Trump’s Exit Strategy
I’ve said from the beginning that Donald Trump isn’t running a political campaign; he’s running a business campaign. The only thing I couldn’t figure out was his exit strategy.
Fair enough: I didn’t expect Trump to win the Republican nomination. I forgot what I learned during the 2012 campaign, which is that the Republican Party is “intellectually and politically bankrupt.” The GOP lacked the resources to stop Trump’s hostile takeover.
But I remain convinced that the last thing Trump wants is to live under the constraints of the presidency. When Trump picked running mate Mike Pence, I thought his exit strategy might be to get elected, issue a bunch of executive orders for a few weeks, and resign.
But this week’s events suggest a different exit strategy.
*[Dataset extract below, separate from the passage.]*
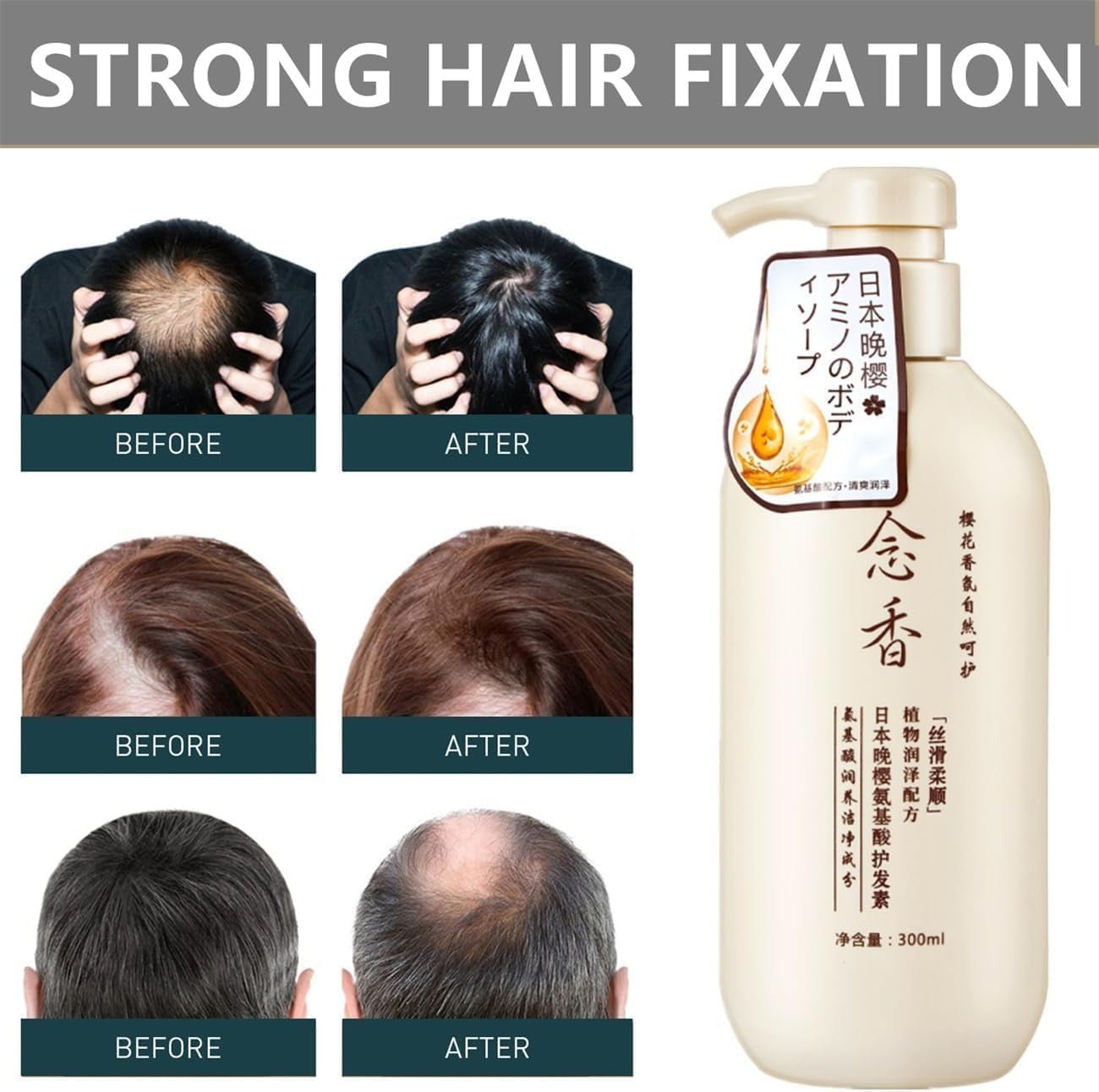 Sakura Japanese Shampoo For Hair Loss - RELUX.STORE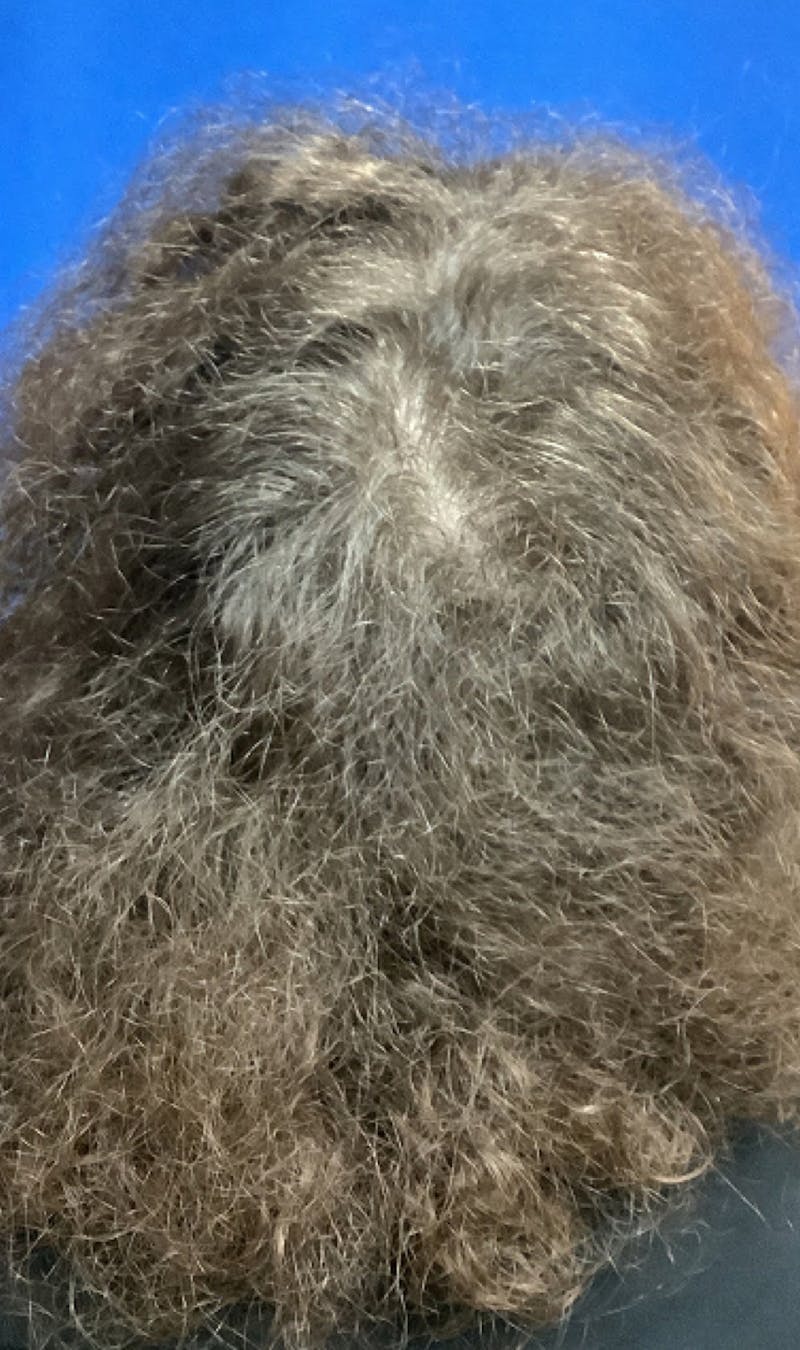 ALMI Before & After Gallery - Patient 302015 - Image 2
Trump may be an idiot, but he isn’t stupid. He knows his polls have tanked, and he knows it’s because of his bomb-throwing provocations. Yet he shakes up his campaign in a way that says out loud that he wants to continue with the provocations.
Trump’s new campaign chairman is Steve Bannon, bomb-thrower extraordinaire. Bannon excels at destructive, anti-establishment, fact-free rhetoric, shows a special fondness for conspiracy theories, hates the Republican Party establishment, and adores Donald Trump. One thing we can be pretty sure he has no aptitude for is running a successful national political campaign.
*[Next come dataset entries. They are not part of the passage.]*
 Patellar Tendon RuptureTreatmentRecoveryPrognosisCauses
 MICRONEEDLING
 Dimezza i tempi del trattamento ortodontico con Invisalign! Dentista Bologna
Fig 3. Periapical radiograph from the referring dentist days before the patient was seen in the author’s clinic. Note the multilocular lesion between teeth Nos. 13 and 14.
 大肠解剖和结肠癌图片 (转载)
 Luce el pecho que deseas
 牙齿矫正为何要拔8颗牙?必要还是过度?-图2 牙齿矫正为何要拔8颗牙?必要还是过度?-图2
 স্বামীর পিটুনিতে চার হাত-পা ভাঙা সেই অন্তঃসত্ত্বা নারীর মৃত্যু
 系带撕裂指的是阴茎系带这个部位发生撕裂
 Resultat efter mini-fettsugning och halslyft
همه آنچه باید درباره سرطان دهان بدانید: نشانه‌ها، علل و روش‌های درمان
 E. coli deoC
Trump’s new debate prep adviser is Roger Ailes, disgraced exile from Fox News. As the founding CEO at Fox, Ailes built the most popular cable news network and a hugely profitable enterprise. Ailes made Fox News one of the most, if not the most, politically influential media organization in American history. Although Ailes worked as a political consultant before going to Fox, there is no particular reason to believe that he is especially skilled at advising presidential candidates in debate tactics.
Trump has already laid the foundation for his post-defeat career with his claim that the election will be “rigged,” and his bizarre assertion that “the only way” he could lose the vote in Pennsylvania is if “they cheat.”
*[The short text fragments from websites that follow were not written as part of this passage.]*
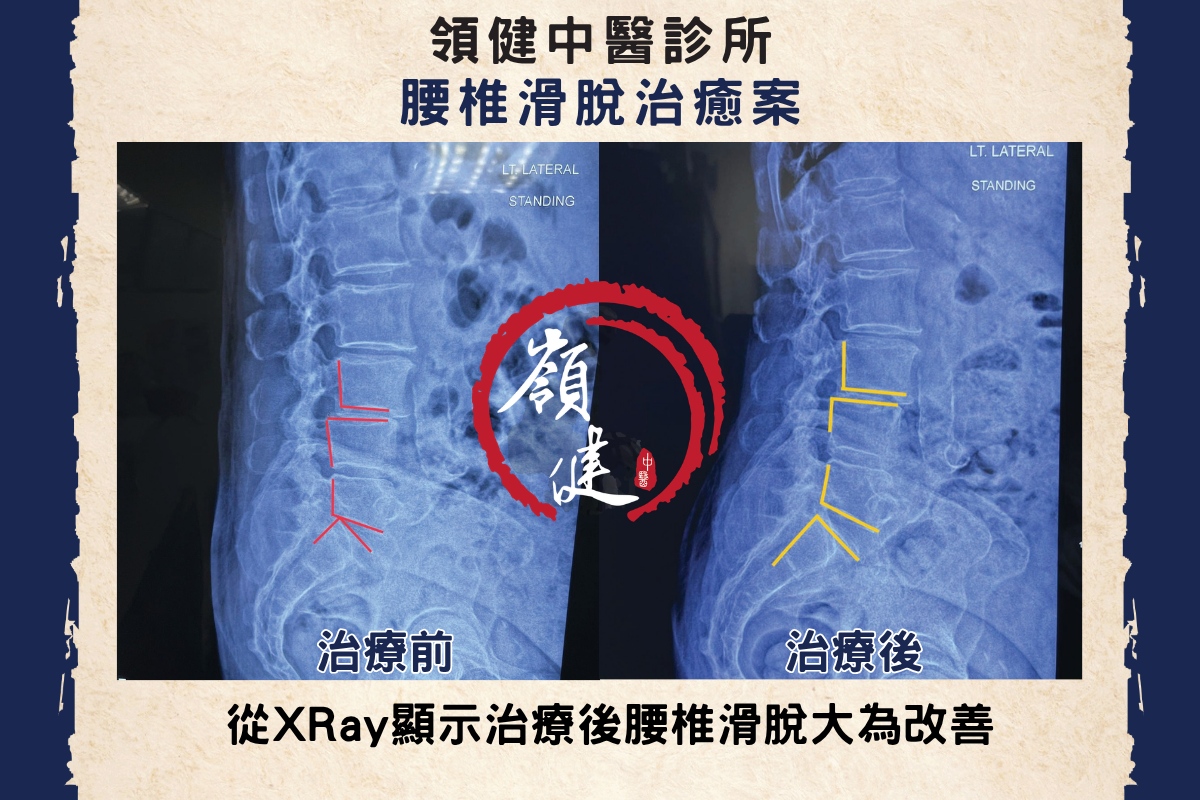 腰椎滑脫治癒案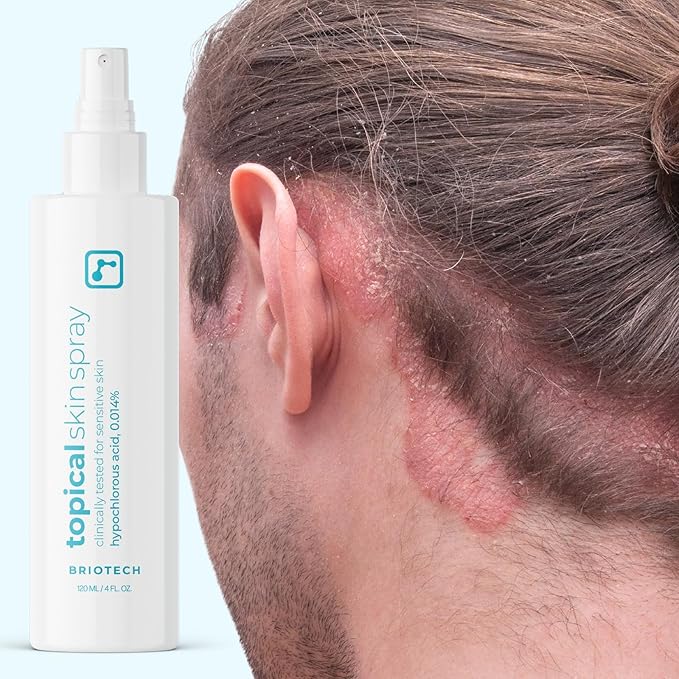BRIOTECH Topical Skin Spray, Hypochlorous Acid for Body & Face, Eyelid Cleanser, HOCl Facial Mist, Support Against Irritation, Calm Redness, Soothe Foot & Scalp, 1 Liter Refill, 1 ct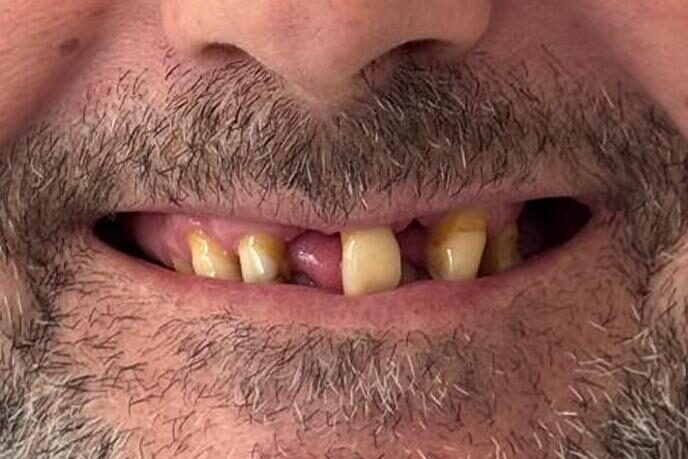 caso-clinico-10-antes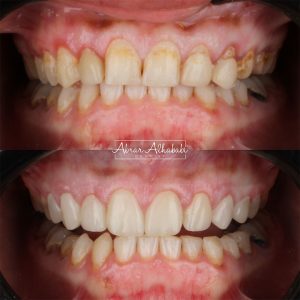 تبييض اسنان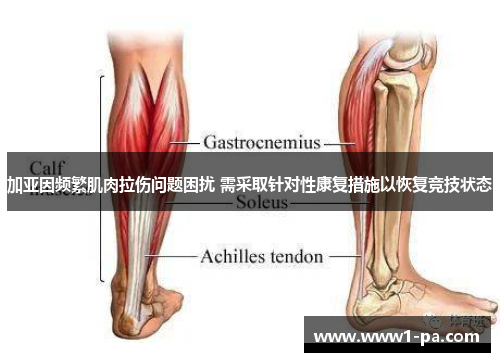 加亚因频繁肌肉拉伤问题困扰 需采取针对性康复措施以恢复竞技状态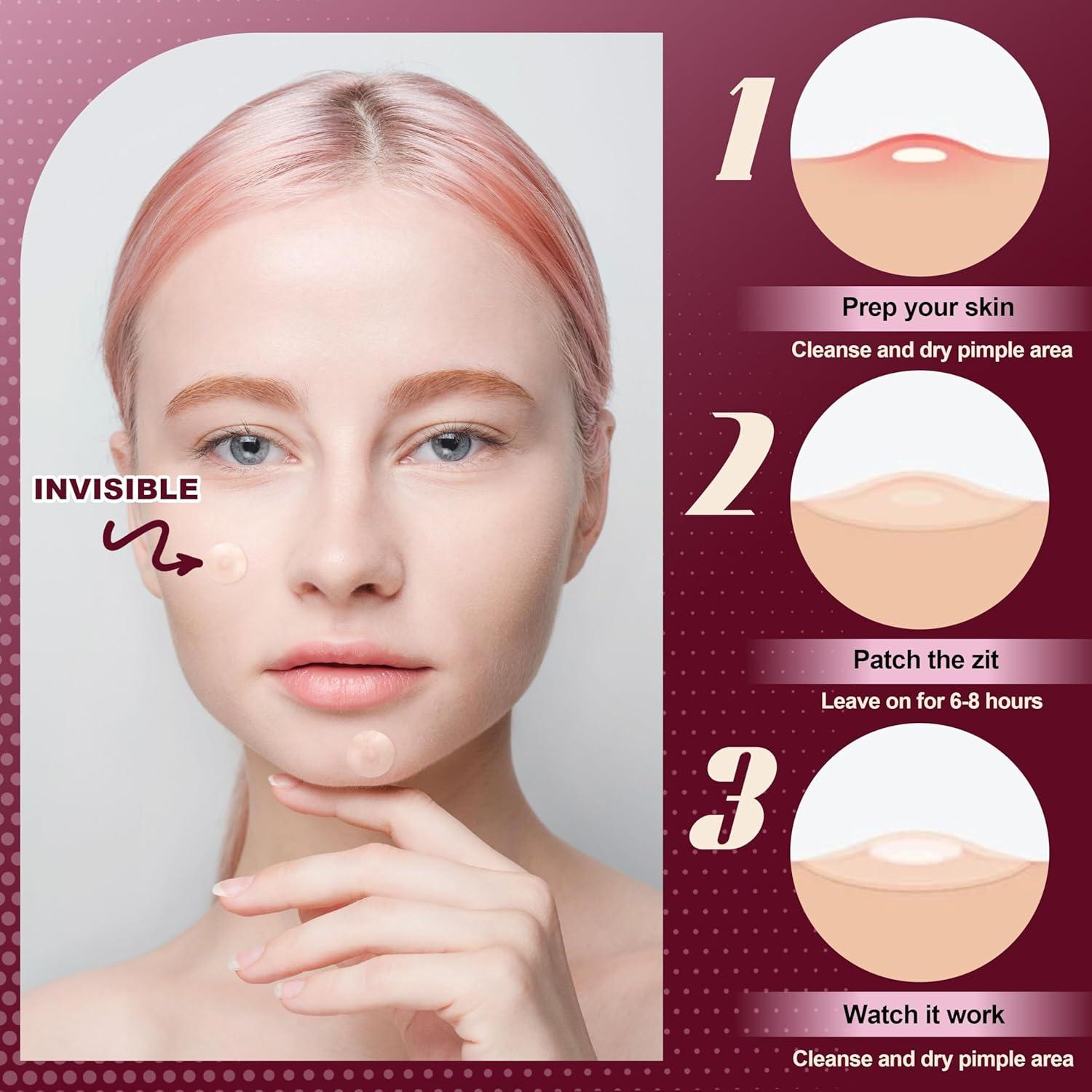 Parches para Granos Hidrocoloides Shivrise - 300 Unidades, 4 Tamaños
As a birther, Trump spent a lot of time and energy attacking the legitimacy of Barack Obama’s presidency. As a rigged election “truther,” Trump will spend even more time and energy attacking the legitimacy of Hillary Clinton’s presidency. Although the media eagerly gave Trump’s birther rantings plenty of play, the bottomless pit of need for attention that is Trump’s narcissism would be better fulfilled if Trump had his own platform, rather than having to rely on media outlets he doesn’t control.
For varying reasons, Trump, Bannon and Ailes would no doubt love to launch a competitor to Fox News. For Trump, controlling his own media platform would serve his insatiable need for validation, both in the form of attention to him personally and in the form of business success.
Although Trump claims to be worth $10 billion, based on his supposed business genius, the hallmarks of his business career are not profit-making successes, but clever bankruptcies, stubborn litigation, and quixotic failures like Trump University. Fortune magazine, among others, calculates that Trump would have done better by taking his inheritance and investing it in S&P index fund.
Politically, Trump has a relatively small but intensely loyal following. You can’t win a presidential election with a few million loyal voters, but you can build one heck of a media network with a few million loyal readers, listeners and viewers. Fox makes billions; Trump pretends he’s made billions, but would no doubt prefer the real thing.
Controlling a media outlet would give Trump the platform he needs to continue his white nationalist movement and the freedom he wants to continue his bomb-throwing. Ailes is not known for his concern for objectivity, and Bannon is not known for his concern for facts. Trump cares about neither. Trump will spend the next four years tearing at the Clinton Administration and the Republican Party.
In other words, Trump’s defeat on November 8 isn’t the end of the nightmare.